*** RECORDS TO PROCESS ***
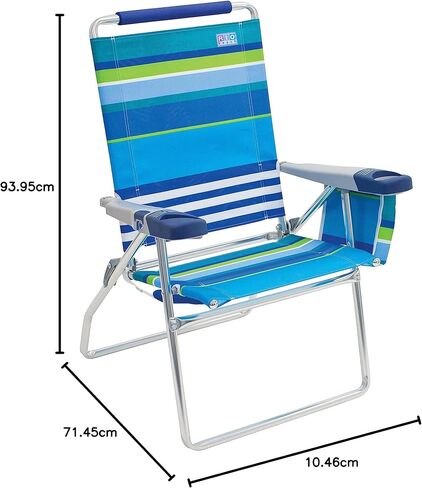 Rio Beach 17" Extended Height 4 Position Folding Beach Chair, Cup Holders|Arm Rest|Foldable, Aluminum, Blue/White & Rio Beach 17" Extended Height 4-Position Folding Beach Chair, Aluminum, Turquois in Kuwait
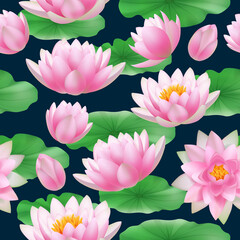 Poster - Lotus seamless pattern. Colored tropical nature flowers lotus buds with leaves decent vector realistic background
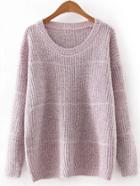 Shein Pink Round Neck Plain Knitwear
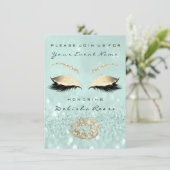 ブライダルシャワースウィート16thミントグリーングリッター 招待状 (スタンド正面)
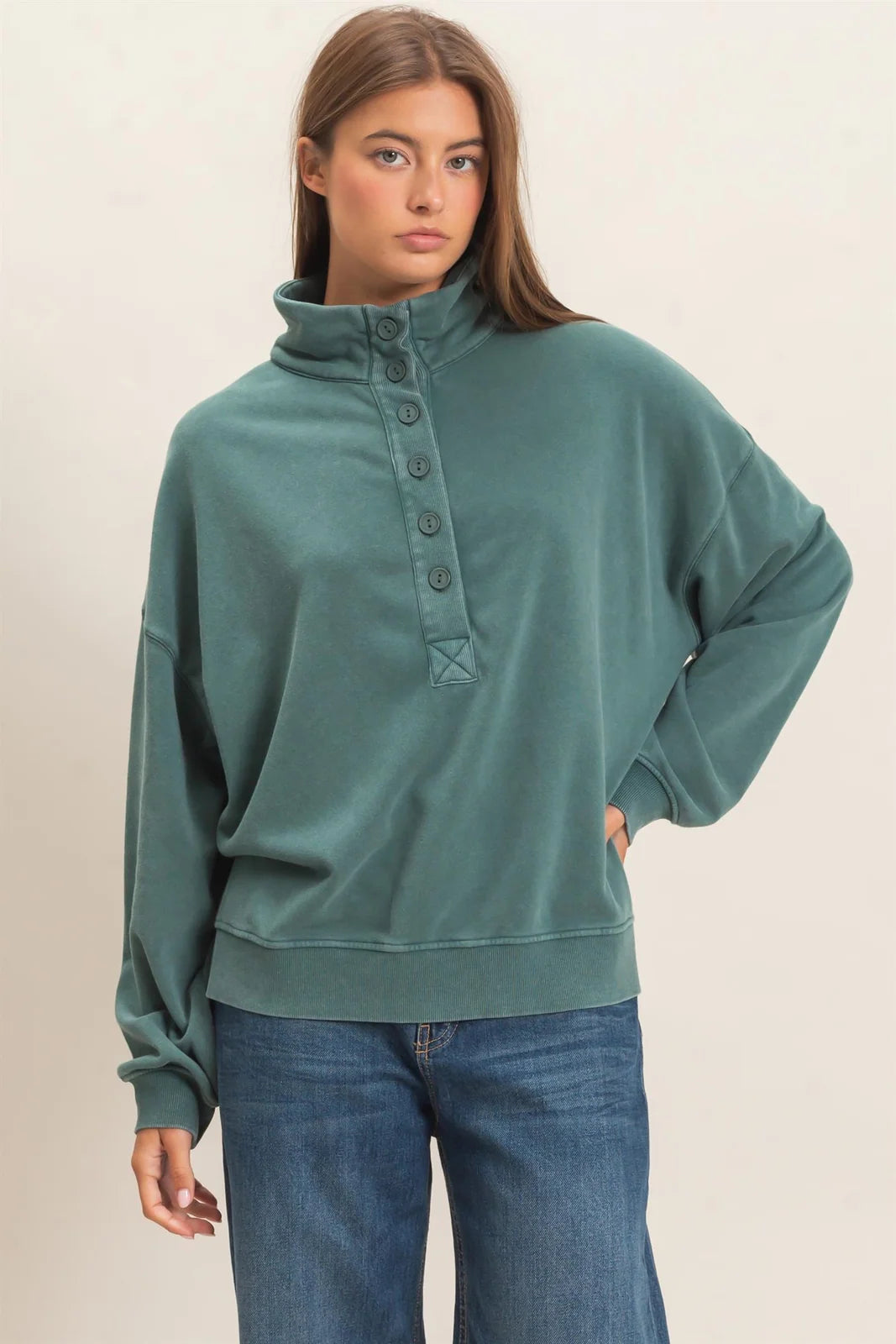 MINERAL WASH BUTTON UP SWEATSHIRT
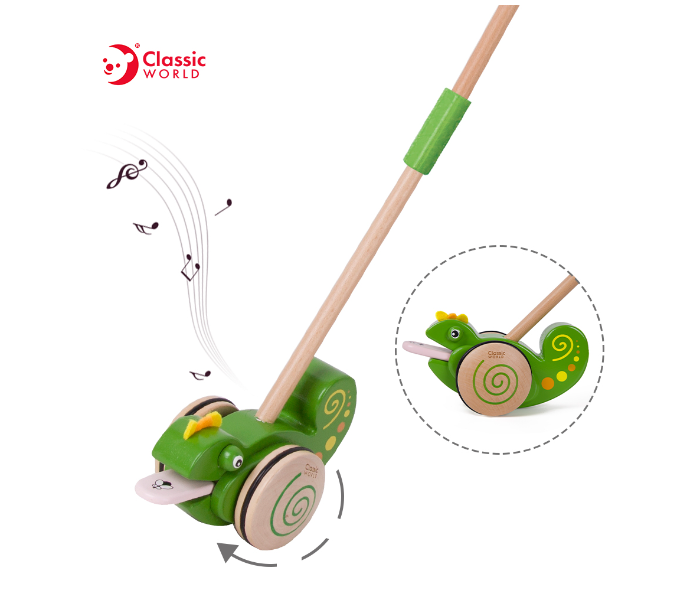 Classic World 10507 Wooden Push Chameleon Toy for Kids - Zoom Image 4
***
» **WORK ITEM**
Copy out every line above without change, dropping the pictures.

» **THE COMPLETED TASK**
 Rio Beach 17" Extended Height 4 Position Folding Beach Chair, Cup Holders|Arm Rest|Foldable, Aluminum, Blue/White & Rio Beach 17" Extended Height 4-Position Folding Beach Chair, Aluminum, Turquois in Kuwait
 Poster - Lotus seamless pattern. Colored tropical nature flowers lotus buds with leaves decent vector realistic background
 Shein Pink Round Neck Plain Knitwear
 ブライダルシャワースウィート16thミントグリーングリッター 招待状 (スタンド正面)
 MINERAL WASH BUTTON UP SWEATSHIRT
 Classic World 10507 Wooden Push Chameleon Toy for Kids - Zoom Image 4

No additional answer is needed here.